Work to complete:
Images should not appear in the copy, yet every line of the listing below must be printed exactly.
====== Available data
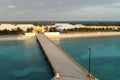 Grand Turk and Caicos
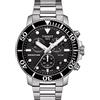 TISSOT Orologio Uomo - TISSOT T1204171105100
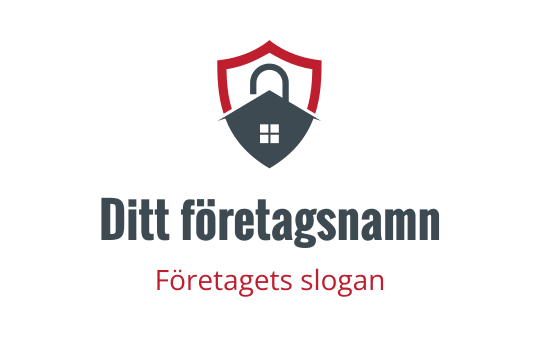 Hjalm logo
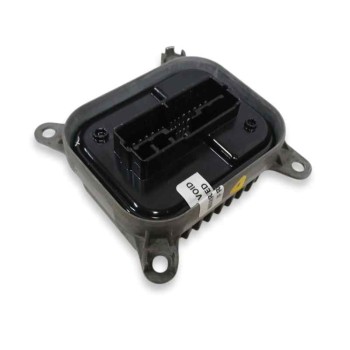 Recambio de centralita faros xenon para tesla model 3 (5yj3) ev referencia OEM IAM 153292502C CENTRALITA LED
============
Task result:
 Grand Turk and Caicos
 TISSOT Orologio Uomo - TISSOT T1204171105100
 Hjalm logo
 Recambio de centralita faros xenon para tesla model 3 (5yj3) ev referencia OEM IAM 153292502C CENTRALITA LED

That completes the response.